* Activity
Write out the listing below word for word.

* Listed records

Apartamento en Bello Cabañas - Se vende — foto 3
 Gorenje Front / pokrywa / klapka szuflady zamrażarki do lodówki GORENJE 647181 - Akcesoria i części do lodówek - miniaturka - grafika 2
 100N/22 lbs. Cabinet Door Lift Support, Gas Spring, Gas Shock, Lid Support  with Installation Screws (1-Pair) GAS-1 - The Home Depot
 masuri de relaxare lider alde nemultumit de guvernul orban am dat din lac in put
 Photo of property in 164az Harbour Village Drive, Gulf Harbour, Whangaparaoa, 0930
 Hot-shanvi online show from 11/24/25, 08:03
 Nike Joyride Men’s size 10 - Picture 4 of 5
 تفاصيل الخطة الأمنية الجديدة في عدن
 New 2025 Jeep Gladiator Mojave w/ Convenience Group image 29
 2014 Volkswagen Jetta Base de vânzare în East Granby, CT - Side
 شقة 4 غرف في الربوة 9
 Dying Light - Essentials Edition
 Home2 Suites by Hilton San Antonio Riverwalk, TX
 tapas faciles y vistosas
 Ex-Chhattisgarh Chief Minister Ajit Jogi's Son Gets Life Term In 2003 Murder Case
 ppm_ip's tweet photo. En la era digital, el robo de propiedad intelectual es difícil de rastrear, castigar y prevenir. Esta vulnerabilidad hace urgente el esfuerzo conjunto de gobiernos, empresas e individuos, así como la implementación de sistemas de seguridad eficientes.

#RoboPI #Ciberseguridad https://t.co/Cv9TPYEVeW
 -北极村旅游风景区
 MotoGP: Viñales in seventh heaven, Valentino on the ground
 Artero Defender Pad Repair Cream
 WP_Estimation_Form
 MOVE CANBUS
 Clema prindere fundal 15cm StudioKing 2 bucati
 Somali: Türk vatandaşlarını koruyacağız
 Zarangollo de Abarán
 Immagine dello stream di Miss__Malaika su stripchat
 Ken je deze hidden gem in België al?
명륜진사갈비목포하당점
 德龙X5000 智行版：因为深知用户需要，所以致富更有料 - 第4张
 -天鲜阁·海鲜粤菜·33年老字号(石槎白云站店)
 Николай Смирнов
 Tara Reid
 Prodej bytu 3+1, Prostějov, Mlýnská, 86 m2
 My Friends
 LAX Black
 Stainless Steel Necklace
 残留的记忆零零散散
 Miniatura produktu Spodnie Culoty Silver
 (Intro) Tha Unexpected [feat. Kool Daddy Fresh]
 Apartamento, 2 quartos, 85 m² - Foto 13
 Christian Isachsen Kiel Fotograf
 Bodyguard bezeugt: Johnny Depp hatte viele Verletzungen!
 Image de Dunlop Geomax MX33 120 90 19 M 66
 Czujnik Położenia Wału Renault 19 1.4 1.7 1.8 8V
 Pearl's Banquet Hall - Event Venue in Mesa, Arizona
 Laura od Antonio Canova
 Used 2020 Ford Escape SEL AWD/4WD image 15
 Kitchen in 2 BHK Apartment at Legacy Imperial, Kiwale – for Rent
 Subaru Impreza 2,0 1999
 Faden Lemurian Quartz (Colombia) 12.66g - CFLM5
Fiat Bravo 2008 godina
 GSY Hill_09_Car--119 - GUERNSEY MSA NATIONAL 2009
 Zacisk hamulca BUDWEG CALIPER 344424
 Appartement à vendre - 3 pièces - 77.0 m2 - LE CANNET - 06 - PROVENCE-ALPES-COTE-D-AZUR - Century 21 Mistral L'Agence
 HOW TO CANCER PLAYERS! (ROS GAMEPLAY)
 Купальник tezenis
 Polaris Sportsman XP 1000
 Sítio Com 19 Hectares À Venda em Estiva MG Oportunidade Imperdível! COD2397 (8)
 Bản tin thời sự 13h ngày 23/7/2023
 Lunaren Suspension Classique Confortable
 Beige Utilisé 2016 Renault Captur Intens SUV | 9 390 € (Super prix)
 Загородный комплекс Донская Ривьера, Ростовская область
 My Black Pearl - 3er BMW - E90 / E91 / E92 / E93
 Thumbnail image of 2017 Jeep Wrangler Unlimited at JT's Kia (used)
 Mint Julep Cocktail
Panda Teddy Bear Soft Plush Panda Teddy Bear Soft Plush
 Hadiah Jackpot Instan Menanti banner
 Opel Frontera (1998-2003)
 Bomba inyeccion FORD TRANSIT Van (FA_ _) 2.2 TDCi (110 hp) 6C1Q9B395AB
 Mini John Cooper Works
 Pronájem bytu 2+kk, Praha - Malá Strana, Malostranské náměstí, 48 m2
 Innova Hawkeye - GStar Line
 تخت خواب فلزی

* Expected answer
Apartamento en Bello Cabañas - Se vende — foto 3
 Gorenje Front / pokrywa / klapka szuflady zamrażarki do lodówki GORENJE 647181 - Akcesoria i części do lodówek - miniaturka - grafika 2
 100N/22 lbs. Cabinet Door Lift Support, Gas Spring, Gas Shock, Lid Support  with Installation Screws (1-Pair) GAS-1 - The Home Depot
 masuri de relaxare lider alde nemultumit de guvernul orban am dat din lac in put
 Photo of property in 164az Harbour Village Drive, Gulf Harbour, Whangaparaoa, 0930
 Hot-shanvi online show from 11/24/25, 08:03
 Nike Joyride Men’s size 10 - Picture 4 of 5
 تفاصيل الخطة الأمنية الجديدة في عدن
 New 2025 Jeep Gladiator Mojave w/ Convenience Group image 29
 2014 Volkswagen Jetta Base de vânzare în East Granby, CT - Side
 شقة 4 غرف في الربوة 9
 Dying Light - Essentials Edition
 Home2 Suites by Hilton San Antonio Riverwalk, TX
 tapas faciles y vistosas
 Ex-Chhattisgarh Chief Minister Ajit Jogi's Son Gets Life Term In 2003 Murder Case
 ppm_ip's tweet photo. En la era digital, el robo de propiedad intelectual es difícil de rastrear, castigar y prevenir. Esta vulnerabilidad hace urgente el esfuerzo conjunto de gobiernos, empresas e individuos, así como la implementación de sistemas de seguridad eficientes.

#RoboPI #Ciberseguridad https://t.co/Cv9TPYEVeW
 -北极村旅游风景区
 MotoGP: Viñales in seventh heaven, Valentino on the ground
 Artero Defender Pad Repair Cream
 WP_Estimation_Form
 MOVE CANBUS
 Clema prindere fundal 15cm StudioKing 2 bucati
 Somali: Türk vatandaşlarını koruyacağız
 Zarangollo de Abarán
 Immagine dello stream di Miss__Malaika su stripchat
 Ken je deze hidden gem in België al?
명륜진사갈비목포하당점
 德龙X5000 智行版：因为深知用户需要，所以致富更有料 - 第4张
 -天鲜阁·海鲜粤菜·33年老字号(石槎白云站店)
 Николай Смирнов
 Tara Reid
 Prodej bytu 3+1, Prostějov, Mlýnská, 86 m2
 My Friends
 LAX Black
 Stainless Steel Necklace
 残留的记忆零零散散
 Miniatura produktu Spodnie Culoty Silver
 (Intro) Tha Unexpected [feat. Kool Daddy Fresh]
 Apartamento, 2 quartos, 85 m² - Foto 13
 Christian Isachsen Kiel Fotograf
 Bodyguard bezeugt: Johnny Depp hatte viele Verletzungen!
 Image de Dunlop Geomax MX33 120 90 19 M 66
 Czujnik Położenia Wału Renault 19 1.4 1.7 1.8 8V
 Pearl's Banquet Hall - Event Venue in Mesa, Arizona
 Laura od Antonio Canova
 Used 2020 Ford Escape SEL AWD/4WD image 15
 Kitchen in 2 BHK Apartment at Legacy Imperial, Kiwale – for Rent
 Subaru Impreza 2,0 1999
 Faden Lemurian Quartz (Colombia) 12.66g - CFLM5
Fiat Bravo 2008 godina
 GSY Hill_09_Car--119 - GUERNSEY MSA NATIONAL 2009
 Zacisk hamulca BUDWEG CALIPER 344424
 Appartement à vendre - 3 pièces - 77.0 m2 - LE CANNET - 06 - PROVENCE-ALPES-COTE-D-AZUR - Century 21 Mistral L'Agence
 HOW TO CANCER PLAYERS! (ROS GAMEPLAY)
 Купальник tezenis
 Polaris Sportsman XP 1000
 Sítio Com 19 Hectares À Venda em Estiva MG Oportunidade Imperdível! COD2397 (8)
 Bản tin thời sự 13h ngày 23/7/2023
 Lunaren Suspension Classique Confortable
 Beige Utilisé 2016 Renault Captur Intens SUV | 9 390 € (Super prix)
 Загородный комплекс Донская Ривьера, Ростовская область
 My Black Pearl - 3er BMW - E90 / E91 / E92 / E93
 Thumbnail image of 2017 Jeep Wrangler Unlimited at JT's Kia (used)
 Mint Julep Cocktail
Panda Teddy Bear Soft Plush Panda Teddy Bear Soft Plush
 Hadiah Jackpot Instan Menanti banner
 Opel Frontera (1998-2003)
 Bomba inyeccion FORD TRANSIT Van (FA_ _) 2.2 TDCi (110 hp) 6C1Q9B395AB
 Mini John Cooper Works
 Pronájem bytu 2+kk, Praha - Malá Strana, Malostranské náměstí, 48 m2
 Innova Hawkeye - GStar Line
 تخت خواب فلزی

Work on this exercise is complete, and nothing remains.